Building a CNN in PyTorch¶
Let's implement a CNN for MNIST digit classification:
import torch
import torch.nn as nn
import torch.nn.functional as F
import torch.optim as optim
from torchvision import datasets, transforms
from torch.optim.lr_scheduler import StepLR
class Net(nn.Module):
def __init__(self):
super(Net, self).__init__()
# First convolutional layer: 1 input channel (grayscale), 32 output channels, 3x3 filter
self.conv1 = nn.Conv2d(1, 32, 3, 1)
# Second convolutional layer: 32 input channels, 64 output channels, 3x3 filter
self.conv2 = nn.Conv2d(32, 64, 3, 1)
# Fully connected layers
self.fc1 = nn.Linear(64*5*5, 512)
self.fc2 = nn.Linear(512, 10)
# Dropout for regularization
self.dropout = nn.Dropout(p=0.5)
def forward(self, x):
# Input: 28x28 images
x = self.conv1(x) # After conv1: 26x26 (28-3+1)
x = F.relu(x) # ReLU activation
x = F.max_pool2d(x, 2) # After pooling: 13x13 (26/2)
x = self.conv2(x) # After conv2: 11x11 (13-3+1)
x = F.relu(x) # ReLU activation
x = F.max_pool2d(x, 2) # After pooling: 5x5 (11/2)
x = torch.flatten(x, 1) # Flatten to vector: 64*5*5 = 1600
x = self.fc1(x) # Fully connected: 1600 → 512
x = self.dropout(x) # Dropout regularization
x = F.relu(x) # ReLU activation
x = self.fc2(x) # Output layer: 512 → 10 classes
output = F.log_softmax(x, dim=1) # Log probabilities
return output
Architecture breakdown: - Input: 28×28 grayscale images - Conv1: 32 filters (3×3) → 26×26×32 - Max pool: 2×2 → 13×13×32 - Conv2: 64 filters (3×3) → 11×11×64 - Max pool: 2×2 → 5×5×64 - Flatten → 1600-dimensional vector - FC1: 1600 → 512 - Dropout (0.5) - FC2: 512 → 10 (digit classes)
Training the CNN¶
def train(model, device, train_loader, optimizer, epoch):
model.train()
for batch_idx, (data, target) in enumerate(train_loader):
data, target = data.to(device), target.to(device)

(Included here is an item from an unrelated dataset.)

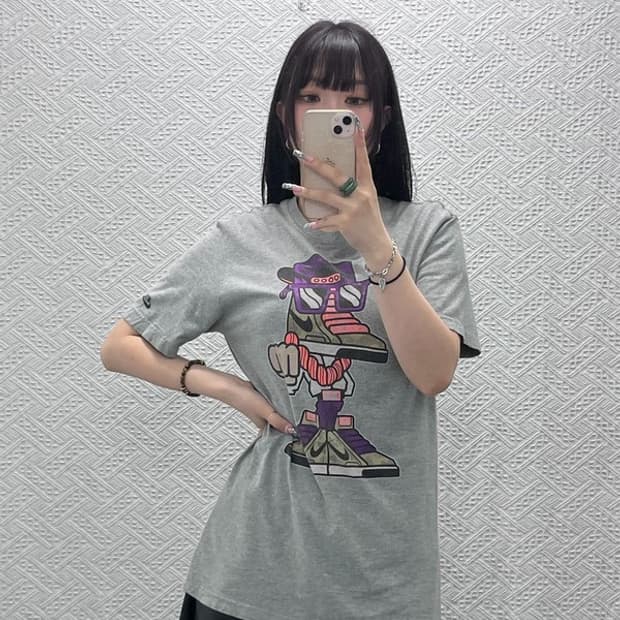 나이키 빈티지 스트릿 키치 카툰 캐릭터 프린팅 반팔티 S C12744
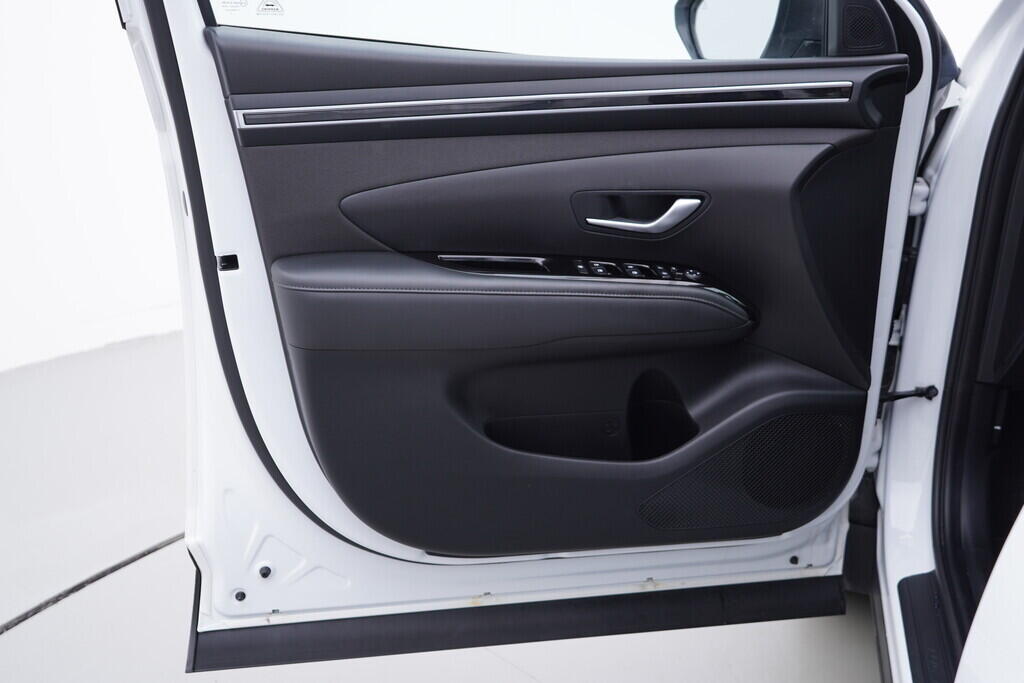 OV190V10167_19.webp_TUCSON Smart AT 1.6 T-GDI PHEV 132 kW automat, DPH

optimizer.zero_grad() # Zero gradients
output = model(data) # Forward pass
loss = F.nll_loss(output, target) # Compute loss
loss.backward() # Backpropagation
optimizer.step() # Update weights
if batch_idx % 100 == 0:
print(f'Epoch: {epoch} [{batch_idx * len(data)}/{len(train_loader.dataset)}] '
f'Loss: {loss.item():.6f}')
def test(model, device, test_loader):
model.eval()
test_loss = 0
correct = 0
with torch.no_grad():
for data, target in test_loader:
data, target = data.to(device), target.to(device)
output = model(data)
test_loss += F.nll_loss(output, target, reduction='sum').item()

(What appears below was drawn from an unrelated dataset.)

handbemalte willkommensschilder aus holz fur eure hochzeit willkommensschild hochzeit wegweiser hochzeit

pred = output.argmax(dim=1, keepdim=True)
correct += pred.eq(target.view_as(pred)).sum().item()
test_loss /= len(test_loader.dataset)
accuracy = 100. * correct / len(test_loader.dataset)
print(f'\nTest: Average loss: {test_loss:.4f}, '
f'Accuracy: {correct}/{len(test_loader.dataset)} ({accuracy:.0f}%)\n')
# Training setup
device = torch.device("cuda" if torch.cuda.is_available() else "cpu")
model = Net().to(device)
optimizer = optim.Adadelta(model.parameters(), lr=1.0)

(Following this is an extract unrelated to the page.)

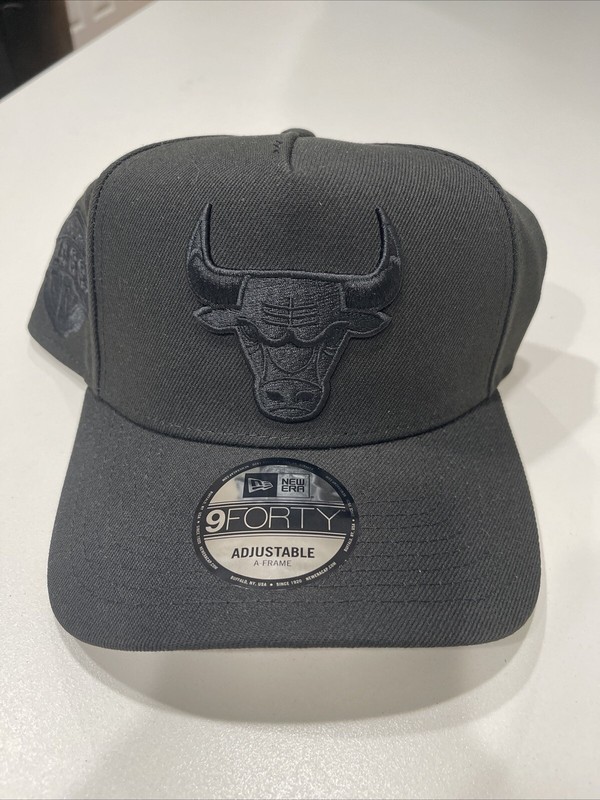 Pro Standard Bulls Black Out Classic Trucker Hat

scheduler = StepLR(optimizer, step_size=1, gamma=0.7)
# Load MNIST dataset
transform = transforms.Compose([transforms.ToTensor()])
train_dataset = datasets.MNIST('./data', train=True, download=True, transform=transform)
test_dataset = datasets.MNIST('./data', train=False, transform=transform)
train_loader = torch.utils.data.DataLoader(train_dataset, batch_size=64, shuffle=True)
test_loader = torch.utils.data.DataLoader(test_dataset, batch_size=1000, shuffle=False)
# Train for 14 epochs
for epoch in range(1, 15):
train(model, device, train_loader, optimizer, epoch)
test(model, device, test_loader)
scheduler.step()
# Save trained model
torch.save(model.state_dict(), "mnist_cnn.pth")
This achieves ~99% accuracy on MNIST after 14 epochs, demonstrating CNN effectiveness for image classification.
Famous CNN Architectures¶
LeNet-5 (1998)¶
LeNet, developed by Yann LeCun, was the first successful CNN architecture, originally designed for handwritten digit recognition (used by banks to read checks).
Architecture: - Input: 32×32 grayscale images - Conv1: 6 filters (5×5) + tanh → 28×28×6 - AvgPool: 2×2 → 14×14×6 - Conv2: 16 filters (5×5) + tanh → 10×10×16 - AvgPool: 2×2 → 5×5×16 - FC: 5×5×16 → 120 → 84 → 10
Innovations: - First practical demonstration of CNNs - Established conv-pool-conv-pool-FC pattern - Proved that gradient-based learning works for deep networks
AlexNet (2012)¶
AlexNet, by Alex Krizhevsky, achieved breakthrough performance on ImageNet, sparking the deep learning revolution.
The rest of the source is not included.